If anyone has a source, please go to this Wikipedia article and add it to the list. Click "edit" at the top of the page to do so. If you cannot manage Wikipedia, then please just reply with your source to this list.

If anyone has more than a source and can contribute content, then please do so at
<https://en.wikipedia.org/wiki/Open_science>

This is a great opportunity for anyone to make a real difference in improving access to the information online explaining the concept of open science. By the way - our late collaborator Aaron Swartz started this article in English in 2006. He made huge sacrifices which benefited all of us because he wanted to promote this concept and he was the target of a lot of discrimination in the recent past because he did restricted things that even now are becoming standard practices and that we are starting to take for granted as our rights. The concept of open science was important to him and is to all of us so if you have time to at least share a source of information then participate in your community and think of adding content to the movement.

yours,



On Fri, Sep 13, 2013 at 12:32 PM, Lane Rasberry <lane@bluerasberry.com> wrote:
Hello all,

This email talks about an upcoming effort to develop the Wikipedia article on "open science" at the the Open Knowledge Foundation conference 16-18 September in Geneva and online. The request is that anyone who is able should consider submitting something to that Wikipedia article - or to this list for those unfamiliar with Wikipedia - so that people can learn more about open science. The rest of this email talks about that - there is no need to read further if you are not interested in participating.

Why this matters
One way to describe open science is to say that it is the idea that all science intended to be made available should be made available. Right now there are barriers to collaboration in science, including inability of researchers to read papers (lack of open access) and inability of researchers to share data (lack of open data).

Since the Wikipedia article on "open science" is the first returned result for a search engine query on the topic, securing the usefulness of this Wikipedia article is probably a prerequisite to anticipating that mass media will ever talk about open science and thus encourage a social movement.
<https://en.wikipedia.org/wiki/Open_science>

How anyone can help
The easiest way that anyone can develop any Wikipedia article is to make sure that all major sources describing a topic are at least cited and mentioned in the references section of that Wikipedia article. If sources are not identified, then no one can develop the article. Please look at the sources already cited and if anyone knows a fundamental source of "open science" not mentioned in this article then please post it on Wikipedia or if that is not possible, mention it in this mailing list.
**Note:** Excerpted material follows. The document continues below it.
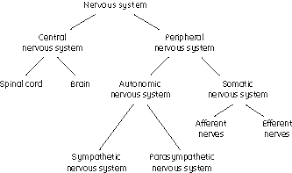 Two types of cells constitute the nervous system— neurons and neuroglia. Ap Psychology Ap Psychology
Otherwise, anyone can edit Wikipedia at any time. Feel free to jump in by going to any Wikipedia article and clicking "edit" at the top of the page. If you do something wrong then I assure you that your contribution will be salvaged and integrated by others.

Although the conference and drive to improve this article is 16-18 September, actually you can feel free to contribute to Wikipedia at any time.

Who can do this
Stakeholders in the public perception of the concept of "open science" should consider that at least this project will influence them, just because this article will be for the foreseeable future the central source of information on this topic. Anyone who likes can give input.
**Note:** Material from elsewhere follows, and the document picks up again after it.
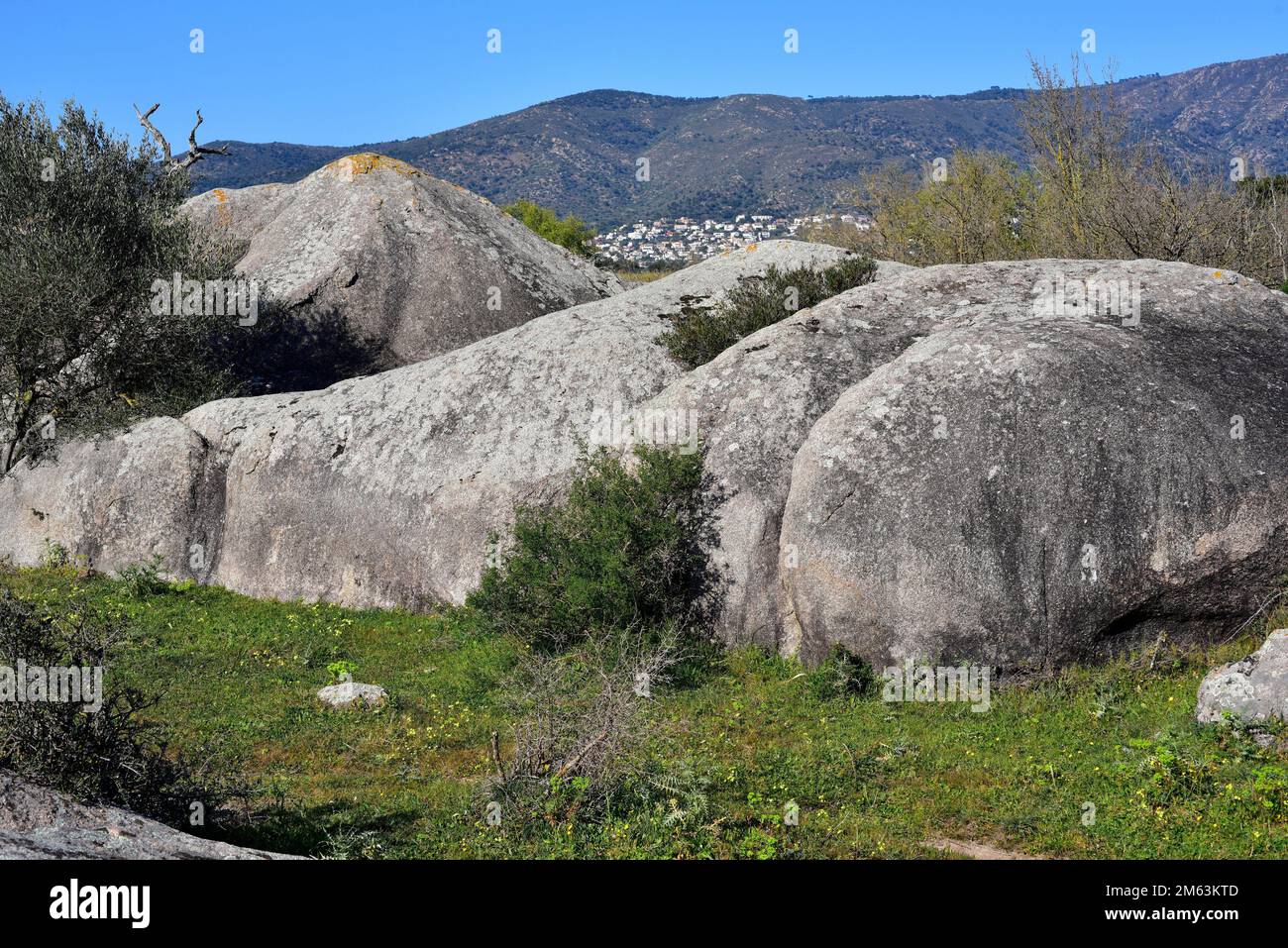 Granodiorit ist ein magmatischer, aufdringlicher Stein, der Granit ähnlich ist, aber mehr Plagioclase enthält. Dieses Foto wurde in Vilaut, Girona, Katalonien, Spanien, aufgenommen. Stockfoto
This effort is being organized by Ceyla of HackYourPhD.org. She just went on an international open science tour and documented an oral history of open science. She will be at OKCon in Geneva and can assist people at that conference. I [[user:bluerasberry]] on Wikipedia or lane@bluerasberry.com can assist people on Wikipedia or otherwise online.
<http://hackyourphd.org/en/> Ceyla - at the conference
<https://etherpad.mozilla.org/OKCon-OpenScienceHackDay> <------- Most details planned here
<https://en.wikipedia.org/wiki/User:Bluerasberry> Lane - online only

The P2P Foundation is an organizational overseer in this effort.
<http://p2pfoundation.net/>

I would also like to advertise that there is a mailing list for the Wikipedia community about internal policy on open access - open access advocates may want to subscribe to this here.
<https://lists.wikimedia.org/mailman/listinfo/openaccess>

Also I would like to advertise that I recognize the Open Knowledge Foundation as a major international player in promoting community discussion about open science and related topics.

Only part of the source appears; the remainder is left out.